Thursday, March 17, 2016

Greil Marcus "Self Portrait" Questions


Although I have many questions as much of the vocabulary in these essays rings a bell with our philosophy readings ("decadence," etc. ("Self Portrait"  9)), I wish to bring up two general points which I think direct us more to the art. Of course this particular art is Self Portrait, by Bob Dylan, but it is also the realm of art, which is where music lies and thus where we must go to begin our philosophy of music.

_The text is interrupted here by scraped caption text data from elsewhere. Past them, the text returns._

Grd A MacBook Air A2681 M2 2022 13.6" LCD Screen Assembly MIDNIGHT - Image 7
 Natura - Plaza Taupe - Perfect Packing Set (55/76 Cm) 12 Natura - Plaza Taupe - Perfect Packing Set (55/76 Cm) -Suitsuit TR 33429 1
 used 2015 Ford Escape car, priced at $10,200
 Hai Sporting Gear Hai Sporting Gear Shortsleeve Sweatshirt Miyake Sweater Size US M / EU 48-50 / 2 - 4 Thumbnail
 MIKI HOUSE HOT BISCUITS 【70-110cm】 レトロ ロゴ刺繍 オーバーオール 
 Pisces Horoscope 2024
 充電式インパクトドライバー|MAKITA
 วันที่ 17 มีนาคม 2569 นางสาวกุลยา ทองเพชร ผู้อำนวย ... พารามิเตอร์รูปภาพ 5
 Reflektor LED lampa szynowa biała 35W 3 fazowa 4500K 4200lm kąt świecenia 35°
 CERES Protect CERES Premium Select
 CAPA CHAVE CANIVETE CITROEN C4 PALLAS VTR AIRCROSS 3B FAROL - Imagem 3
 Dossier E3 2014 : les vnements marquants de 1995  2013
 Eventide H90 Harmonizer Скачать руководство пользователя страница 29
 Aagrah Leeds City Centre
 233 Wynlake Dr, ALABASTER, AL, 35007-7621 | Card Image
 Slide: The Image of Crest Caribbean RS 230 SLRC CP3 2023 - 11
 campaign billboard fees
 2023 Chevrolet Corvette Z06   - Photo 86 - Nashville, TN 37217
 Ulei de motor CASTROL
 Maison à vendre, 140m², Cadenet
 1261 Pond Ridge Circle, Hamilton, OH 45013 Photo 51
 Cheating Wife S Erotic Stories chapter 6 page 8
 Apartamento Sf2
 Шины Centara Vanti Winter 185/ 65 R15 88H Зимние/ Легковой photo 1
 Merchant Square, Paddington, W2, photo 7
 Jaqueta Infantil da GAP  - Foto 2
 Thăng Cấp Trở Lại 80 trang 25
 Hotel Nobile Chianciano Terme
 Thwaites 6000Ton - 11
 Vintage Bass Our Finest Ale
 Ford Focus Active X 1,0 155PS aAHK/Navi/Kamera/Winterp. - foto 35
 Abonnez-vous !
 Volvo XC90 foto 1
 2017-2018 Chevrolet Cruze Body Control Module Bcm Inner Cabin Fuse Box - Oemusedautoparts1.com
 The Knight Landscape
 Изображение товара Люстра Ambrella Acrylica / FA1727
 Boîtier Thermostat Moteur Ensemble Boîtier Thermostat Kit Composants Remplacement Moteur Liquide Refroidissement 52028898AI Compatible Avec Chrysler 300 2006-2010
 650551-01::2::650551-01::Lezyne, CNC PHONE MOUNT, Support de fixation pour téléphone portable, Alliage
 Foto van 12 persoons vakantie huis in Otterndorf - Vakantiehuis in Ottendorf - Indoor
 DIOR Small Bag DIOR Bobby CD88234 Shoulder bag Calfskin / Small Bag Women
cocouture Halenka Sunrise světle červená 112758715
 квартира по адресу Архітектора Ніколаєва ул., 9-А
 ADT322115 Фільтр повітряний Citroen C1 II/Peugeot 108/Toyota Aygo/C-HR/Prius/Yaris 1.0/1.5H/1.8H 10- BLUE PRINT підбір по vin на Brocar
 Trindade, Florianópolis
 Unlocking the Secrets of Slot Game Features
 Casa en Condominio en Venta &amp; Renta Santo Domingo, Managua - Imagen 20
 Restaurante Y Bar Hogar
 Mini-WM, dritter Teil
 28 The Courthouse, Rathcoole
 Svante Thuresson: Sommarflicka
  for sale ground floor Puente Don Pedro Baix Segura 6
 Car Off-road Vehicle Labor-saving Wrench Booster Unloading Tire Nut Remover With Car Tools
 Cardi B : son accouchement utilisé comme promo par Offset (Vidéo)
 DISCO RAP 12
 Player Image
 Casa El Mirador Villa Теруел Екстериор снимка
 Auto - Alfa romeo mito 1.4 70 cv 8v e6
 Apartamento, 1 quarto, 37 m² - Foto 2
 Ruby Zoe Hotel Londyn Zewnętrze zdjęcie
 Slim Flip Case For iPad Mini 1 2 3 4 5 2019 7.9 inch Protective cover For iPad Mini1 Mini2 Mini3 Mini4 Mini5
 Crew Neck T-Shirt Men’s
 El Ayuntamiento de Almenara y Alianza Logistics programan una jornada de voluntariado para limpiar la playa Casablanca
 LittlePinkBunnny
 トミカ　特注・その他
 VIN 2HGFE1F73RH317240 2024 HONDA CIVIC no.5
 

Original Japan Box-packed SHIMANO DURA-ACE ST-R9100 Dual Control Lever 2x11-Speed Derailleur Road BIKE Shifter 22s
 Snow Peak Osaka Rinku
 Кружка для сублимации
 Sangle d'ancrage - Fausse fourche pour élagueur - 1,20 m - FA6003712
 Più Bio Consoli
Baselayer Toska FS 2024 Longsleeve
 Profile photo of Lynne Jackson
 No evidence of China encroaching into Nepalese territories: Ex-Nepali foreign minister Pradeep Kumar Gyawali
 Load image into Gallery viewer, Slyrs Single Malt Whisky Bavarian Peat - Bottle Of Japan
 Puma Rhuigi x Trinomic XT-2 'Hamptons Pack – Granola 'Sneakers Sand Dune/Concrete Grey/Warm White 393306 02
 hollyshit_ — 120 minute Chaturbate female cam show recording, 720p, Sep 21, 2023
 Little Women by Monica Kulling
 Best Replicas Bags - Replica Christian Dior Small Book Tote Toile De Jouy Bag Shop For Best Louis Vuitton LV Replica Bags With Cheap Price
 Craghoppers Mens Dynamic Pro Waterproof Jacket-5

1) Your rhetoric in the 1970 review seems to be doing comparative, narrativizing discourse about Dylan's music. Why is this approach, perhaps central to music and cultural criticism, not itself an imperative that arrives before the art? What keeps this imperative from speaking over, as if louder than or even prior to, the art? Can we listen to music this way without consuming the art altogether?

2) In the liner notes, Dylan immediately begins describing fame as a position of curious sovereignty. Is this a cultural sovereignty? An identitarian one? The language associated with Dylan is always, as both he and you point out, "the voice of a generation..." What do you think we can see in this connection between sovereignty and vocalization? Why is there a need for verbal expression if one is to have power, and therefore responsibility? Is it appropriate or not that Dylan, recognizing this responsibility, makes a retreat from power in Self Portrait? Or does he even?

I understand these are not simple questions, but they are ones I thought of most clearly while listening to the record and while reading the 1970 review and the notes. Looking forward to class!